給与の先取特権は,一般債権者に優先する効力を有するため,労働者にとっては有用な債権回収手段となります。
なお,給与等の先取特権が成立する範囲については,債権の発生時期により異なります。平成16年3月31日以前に生じた労働債権の場合は,先取特権が成立するのは最後の6ヶ月に限りますが,平成15年の民法改正により,平成16年4月1日以降に生じた場合はこのような制限はありません。

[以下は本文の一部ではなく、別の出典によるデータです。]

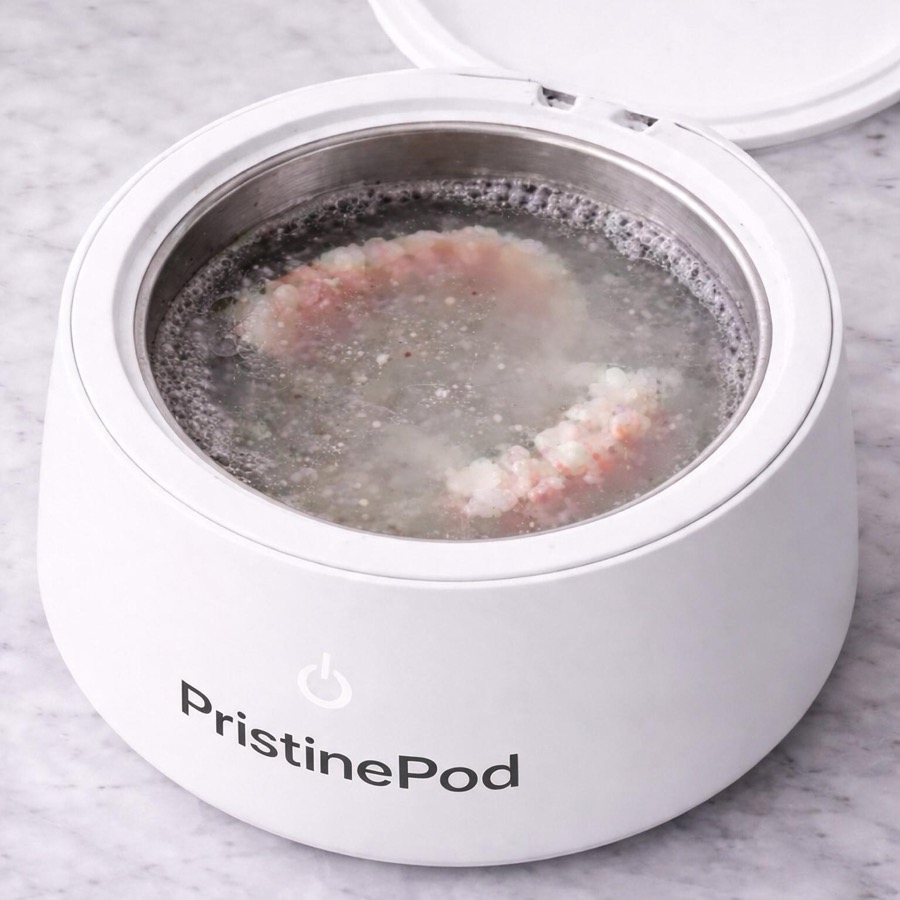 Close up of a denture soaking inside the PristinePod tank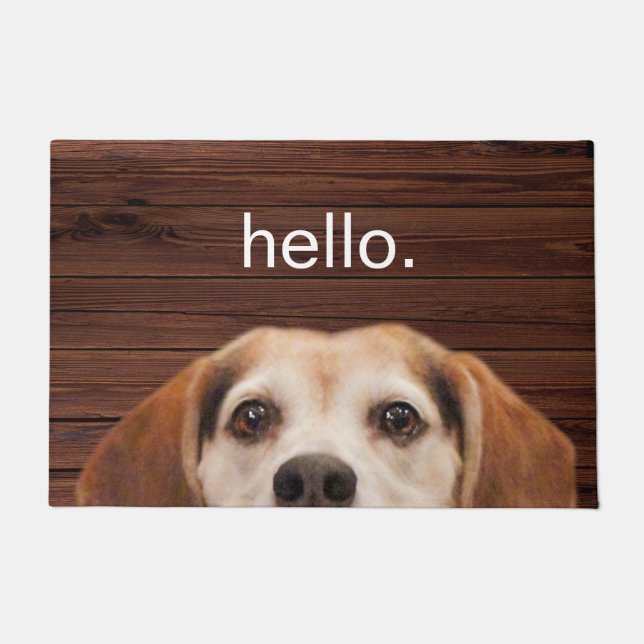 Hello Cute Funny Beagle Dog Face Dark Wood Doormat (Front)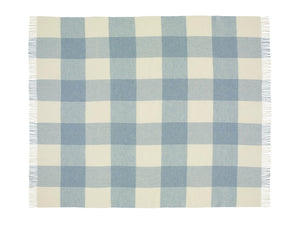 Pastel Block Check Merino Lambswool Throw - Aqua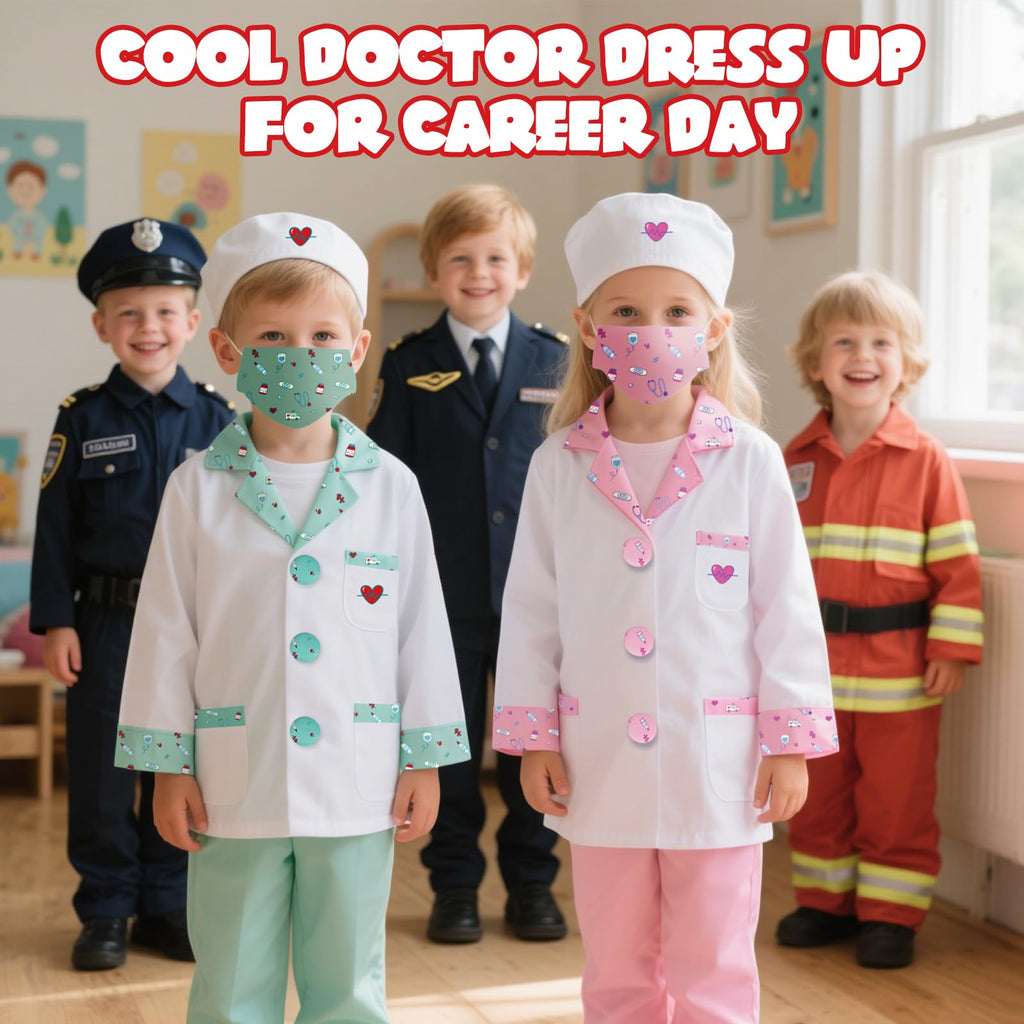 Lehoo Castle Kids Doctor Costume – 8-Piece Dress-Up Set with Working Stethoscope for Ages 4-6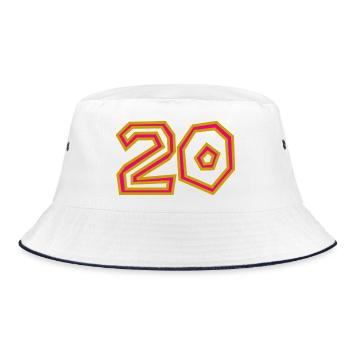 20. 20. JAHRESTAG. 20-JÄHRIGES JUBILÄUM. 20 JAHRE. - Bucket Hat - Weiß/Navy - Vorne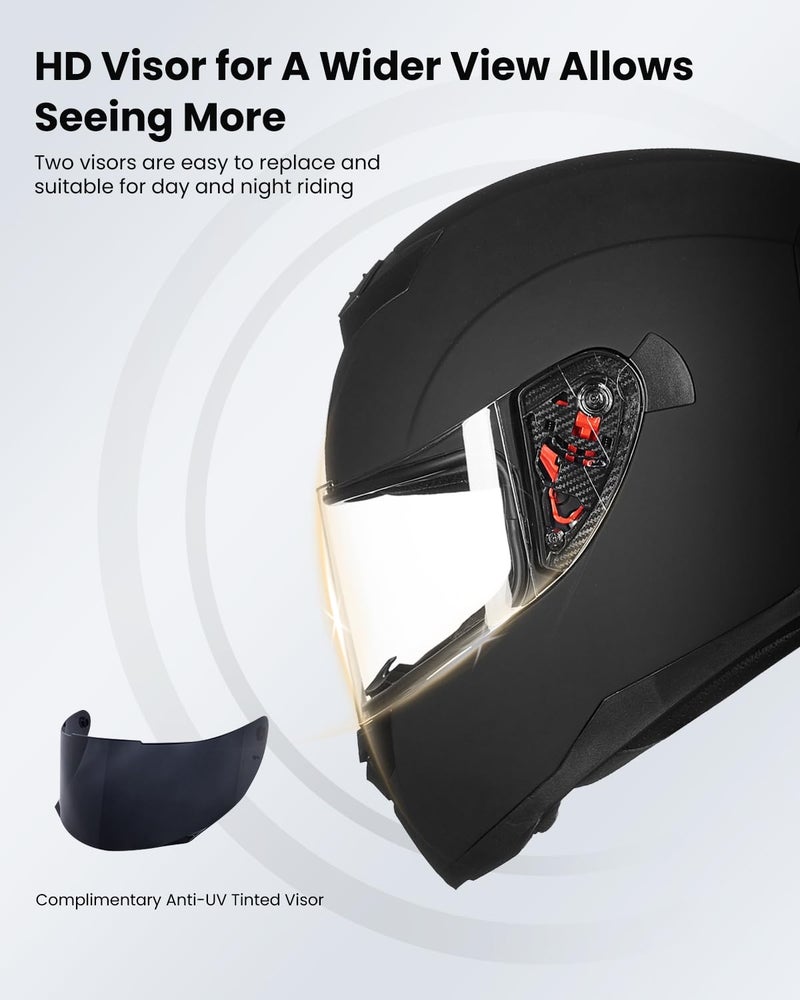 ILM Full Face Motorcycle Helmet for Motocross Street Bike DOT Certified 2 Visors Model-317(Matte Black, M) - Image 3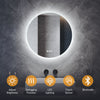 Round Bathroom Mirror with Bluetooth Demister Illuminated 3 LED Lights 600x600mm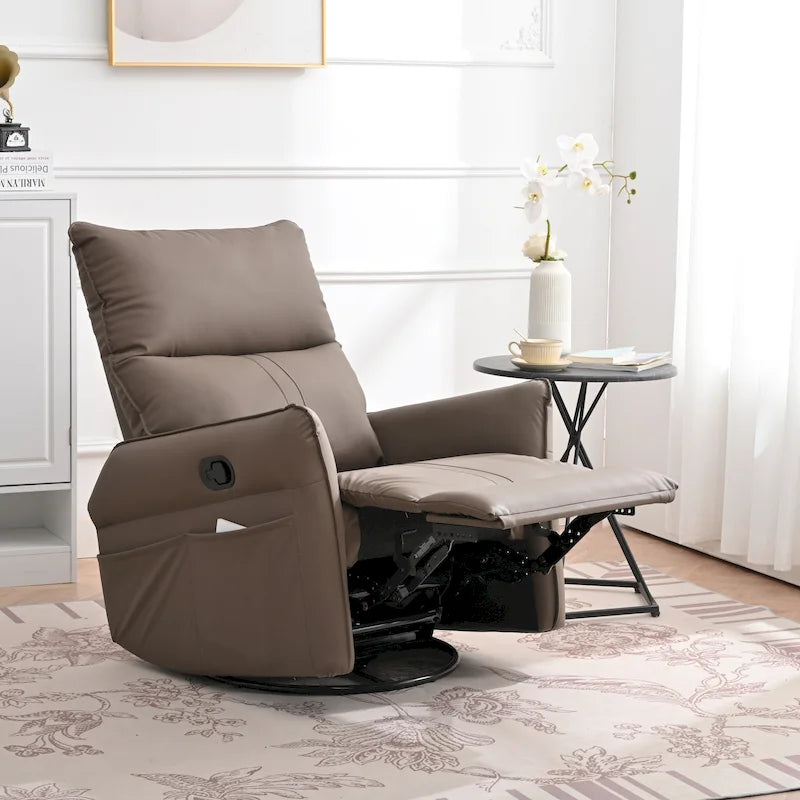 Small Rocking Swivel Recliner Chair with Overstuffed Seat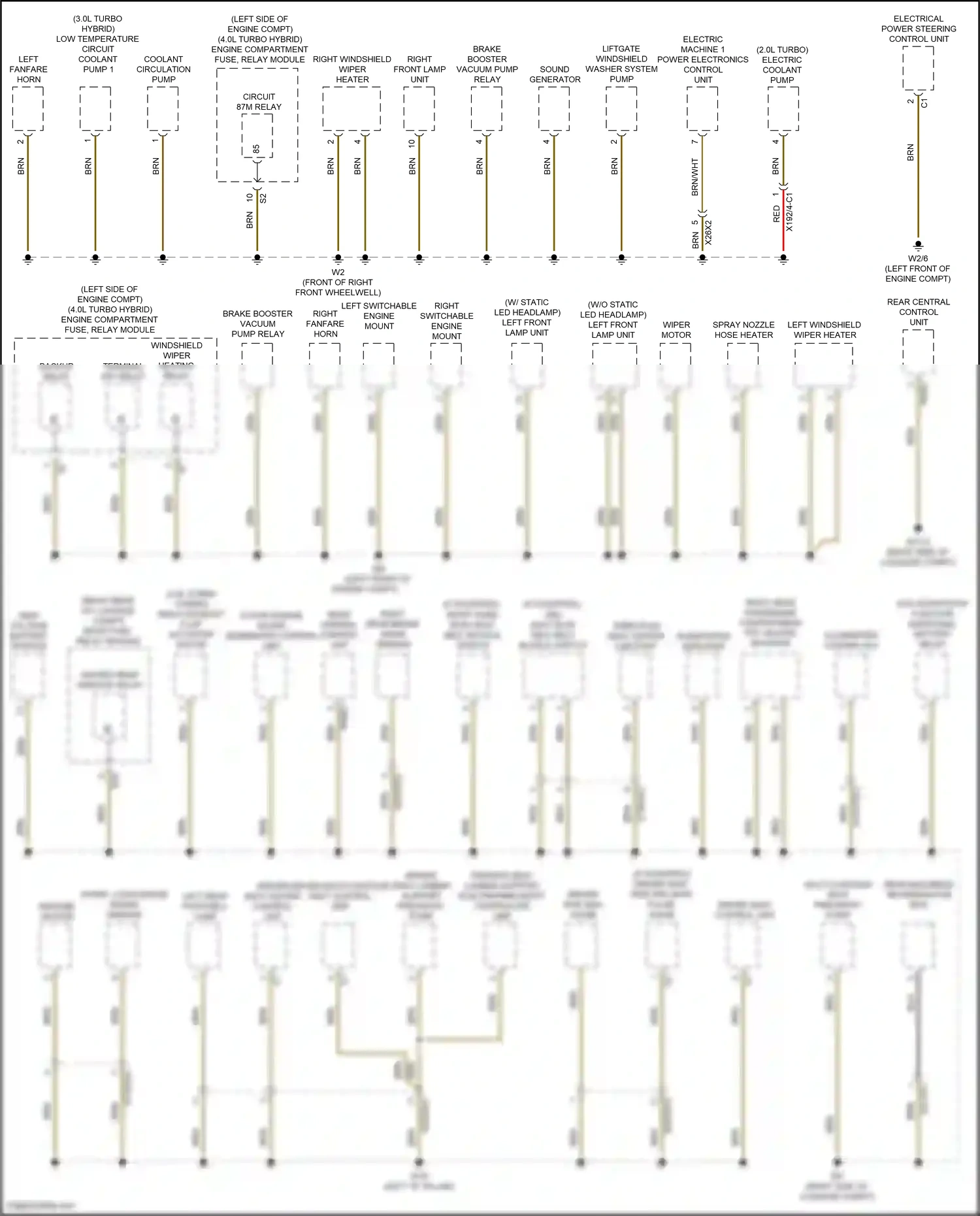 Mercedes-Benz Maybach GLS-class X167 (2019-2023) left switchable engine mount wiring diagram  (1 of 2)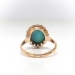 Antique Turquoise and Old European Diamond Halo Ring 14K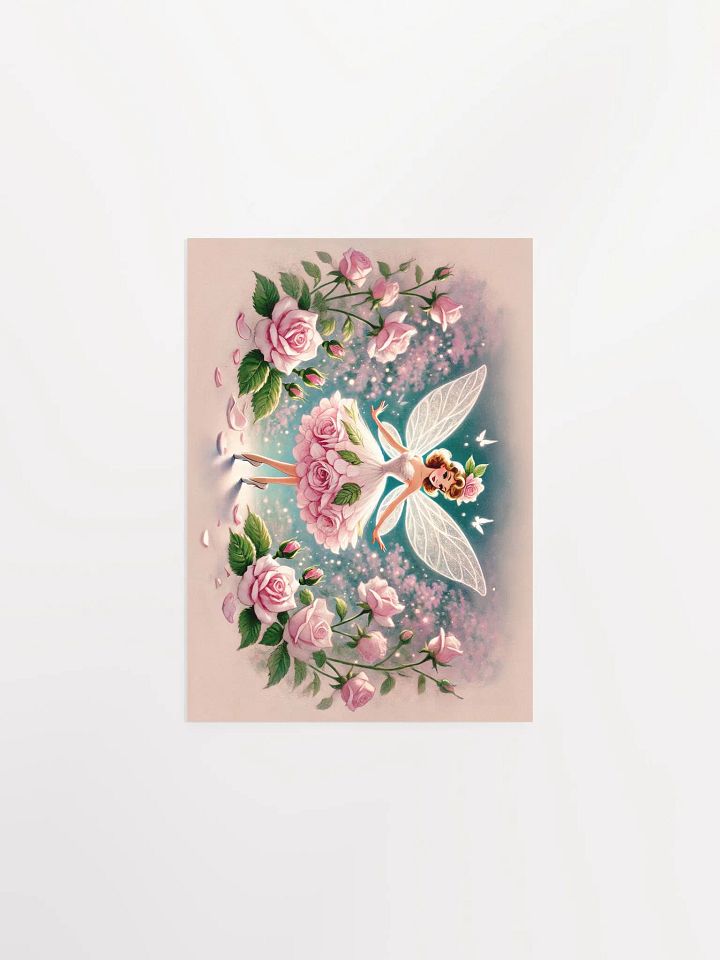 Pink Rose Petal Fairy Premium Matte Poster product image (2)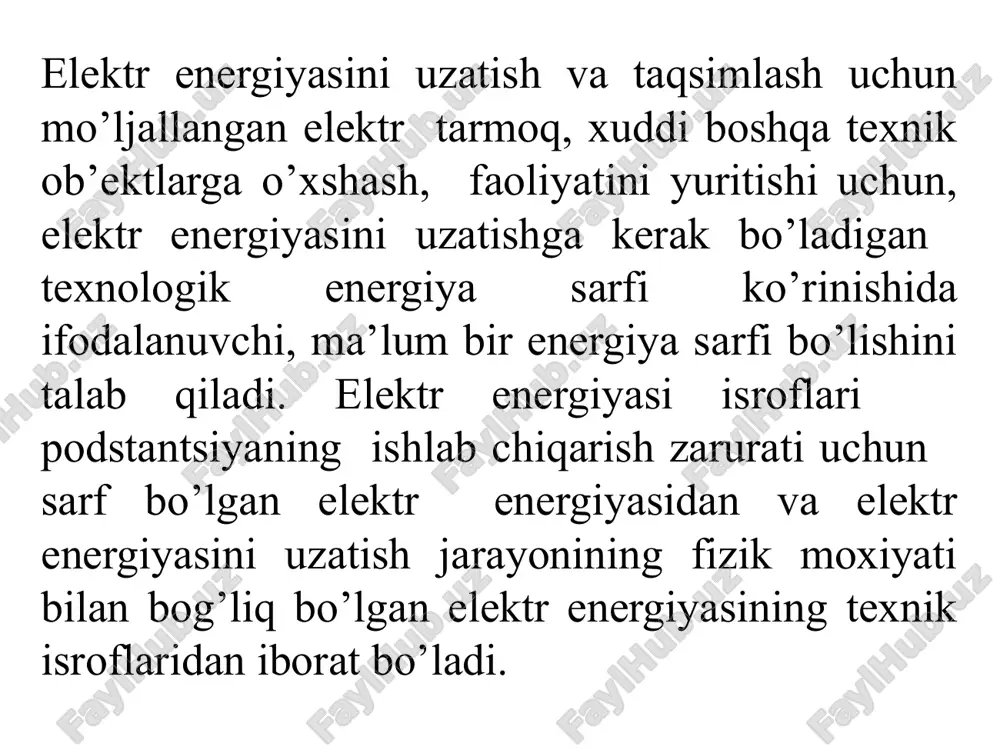 roflari hisobining usullari elektr energiyasi isroflarini hisobining xarakterli sutkalik rejimlar usuli. bu usulda hisobiy t davr ichidagi xarakterli sutkalar ajratib olinadi. tanlab olingan sutkalar uchun yuklama grafiklari ishlab chiqiladi, har bir grafik pog’onalarida yuklama doimiy deb qabul qilinadi. u xolda mos xarakterli sutkalar uchun elektr energiyasi isroflari miqdorini quyidagi ifoda bilan aniqlanadi: δ w x = =3r = bu erda: i – i-grafik pog’onasidagi elektr tarmoq elementidan o’tayotgan tok kattaligi; si – i-yuklama grafigi pog’onasidagi quvvat kattaligi; ti - – i-grafik pog’onasining davomiyligi; n –sutkalik grafikning pog’onalari soni xarakterli sutkalar sifatida ishchi sutkalar, dam olish kunlar, qishki, yozgi sutkalar olinadi, ya’ni sutkalar soni 8 bo’lsa, uxolda m = 8 bo’ladi. taxminiy hisoblarda odatda xarakterli yozgi va qishki sutkalar soni olinadi. u xolda elektr energiyasi isroflari quyidagi ifoda bilan aniqlanadi: δw = δwznz + δwlnl, bu erda: δwq, δwyo –xarakterli qishki va yozgi sutkalardagi elektr energiyasi isroflari miqdorlari; nq, nyo – …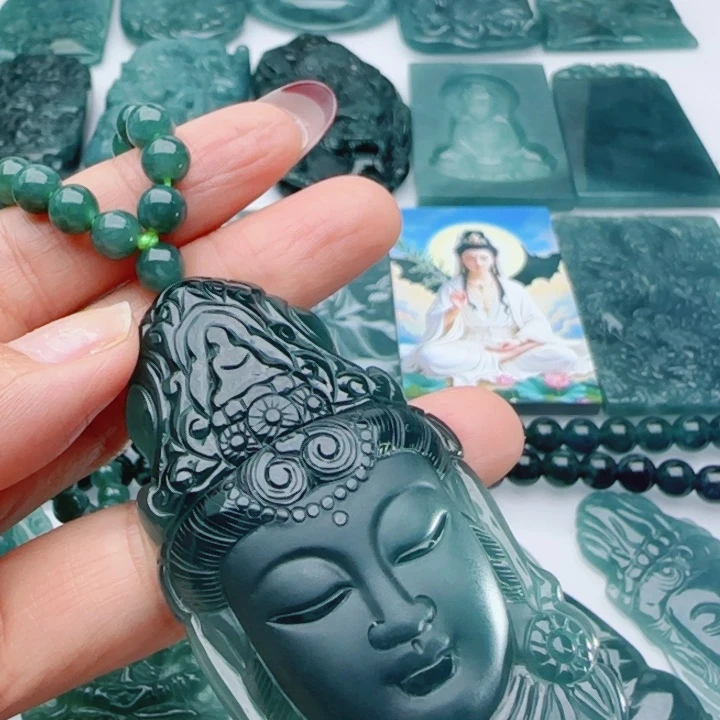 翡翠未镶嵌颈饰多样性发货天然A货翡翠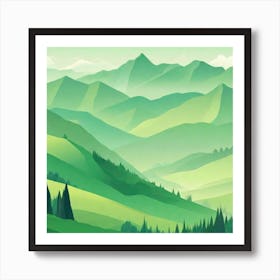 Misty mountains background in green tone 7 Art Print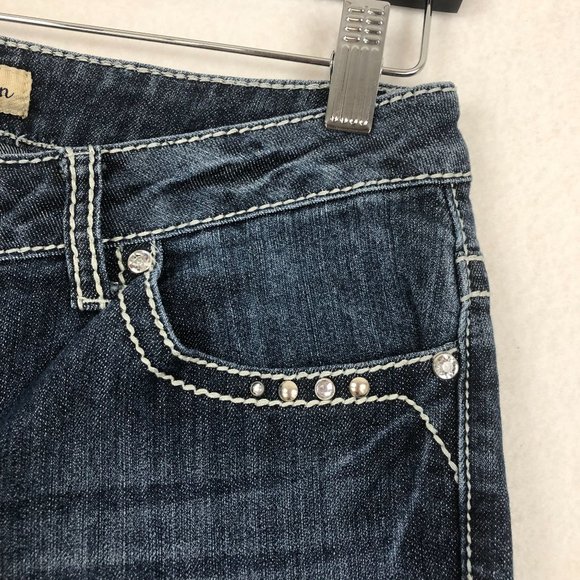 Earl Jean Women's Size 8 Dark Wash Blue Denim Embellished Skinny Jeans - Picture 7 of 11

これは,賃金の支払の確保等に関する法律(いわゆる「賃確法」)による制度です。
企業が倒産した場合に,賃金が支払われないまま退職した労働者(破産申立等が行われた日の6ヶ月前の日から起算して2年以内に退職した人に限られます)に対して,その未払賃金や退職金のうち,退職前6ヶ月の部分で支払期日が到来しているものについて,労働者健康福祉機構が,事業主に代わって支払う制度です。
なお,ここでいう「倒産」とは,破産や会社更生などの法律上の倒産だけでなく,事実上,事業活動が停止して再開する見込みがなく,かつ,賃金支払能力がないことについて労働基準監督署長の認定があった場合も含みます。法律上の破産手続がとられた場合は,破産管財人に未払賃金額の証明をもらって立替金の請求をすることになりますので,破産管財人に連絡を取って下さい。
この制度は,その会社が労災保険の適用事業場で1年以上にわたって事業活動を行ってきた企業であること,あなたが「労働者」として雇用されてきたこと,「倒産」の6ヶ月前の日から2年の間に退職したこと,などの要件があります。
また,支給される金額は,未払賃金総額又は立替限度額(年齢により異なり,30歳未満は110万円,30~45歳未満は220万円,45歳以上は370万円です。)のいずれか低い額の,100分の80まで(1円未満切り捨て)となっています。
たとえば,仮にあなたが50歳で,未払い賃金総額が,退職金込みで400万円であった場合,立替限度額を上回っていますので,立替払いされる金額は,上限の370万円の8割である,296万円となります。